O Retorno da Inflação traz outra dimensão da perda de qualidade de vida das famílias: gera um clima permanente de aflição, de não poder se organizar para fazer face ao cotidiano. Os exemplos permitem desmontar a farsa de que os preços apenas “sobem”, como se não houvesse quem os elevasse na origem. Na era dos gigantes corporativos, a concorrência é um mecanismo pouco presente, os grupos se entendem entre eles, gerou-se o poder de fixar preços (the pricing power of corporations). Fica evidente como grandes grupos elevam o preço da energia, o que vai repercutir numa onda mais ampla, na medida em que a energia faz parte de quase todos os setores. Igualmente importante é o exemplo da privatização da saúde, também com controle de grupos financeiros, que aproveitam e precificam a angústia das pessoas com a saúde própria e dos familiares. A inflação não “acontece”, é construída, e constitui um dreno financeiro por parte das corporações, e contos de fadas sobre o papel dos juros.
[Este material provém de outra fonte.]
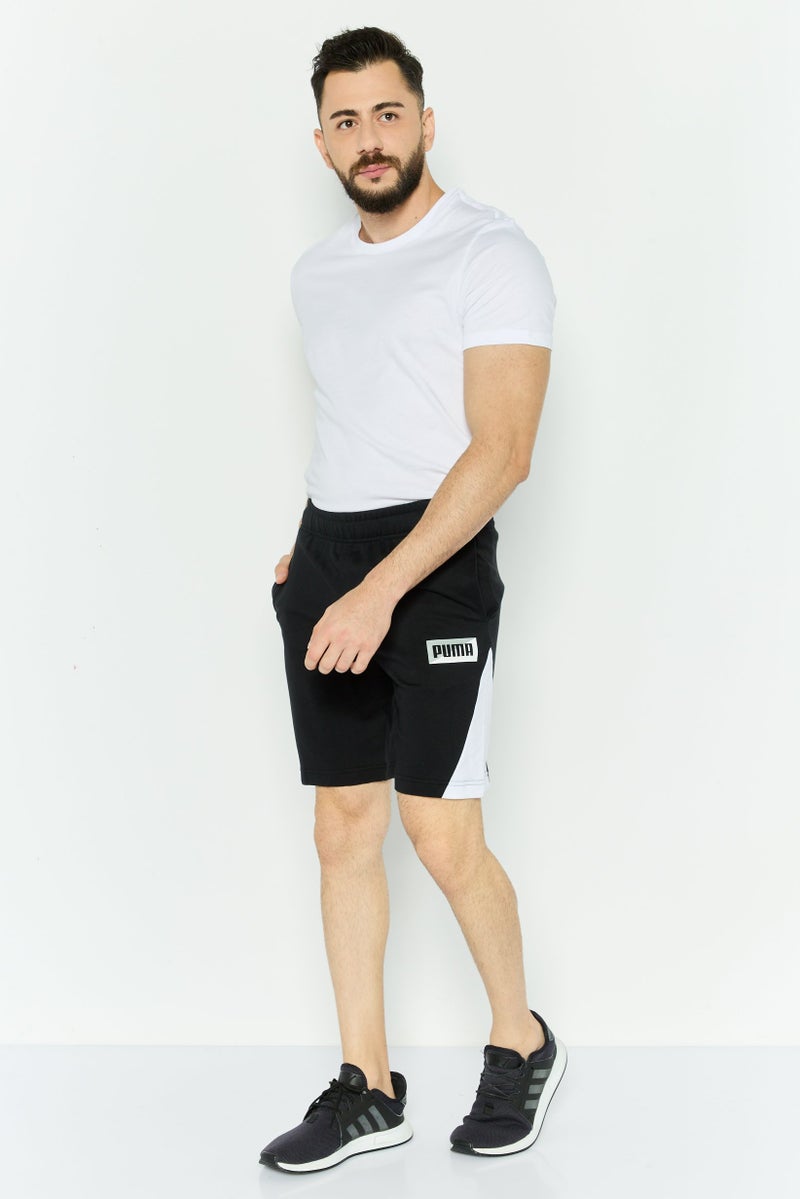 PUMA شورتات تدريب رياضية للرجال مع حبل سحب، أسود - Image 4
A Máquina do Petróleo mostra o funcionamento de uma máquina econômica poderosa, construída em cima de um produto natural: ninguém produz petróleo, mas companhias gigantes controlam a extração, a transformação e a enorme gama de produtos de nosso cotidiano que dele dependem, a começar pelos plásticos. O petróleo é um bem que herdamos da natureza, que permitiu imensos avanços econômicos, mas que também gera um desastre ambiental. Entre o lucro a curto prazo e o desastre a longo prazo, as corporações não hesitam. Como herança de milhões de anos de transformação de matéria orgânica, pertencente à terra, seria natural que o petróleo fosse utilizado para o bem-estar da sociedade e sem estar a serviço do que no filme é apresentado como Self-serving Capital, capital a serviço de si mesmo. E o desastre ambiental vai muito além do clima, com plástico e inúmeros resíduos químicos contaminando todo o planeta, inclusive nossos corpos. É um exemplo impressionante de mismanagment, de má-gestão.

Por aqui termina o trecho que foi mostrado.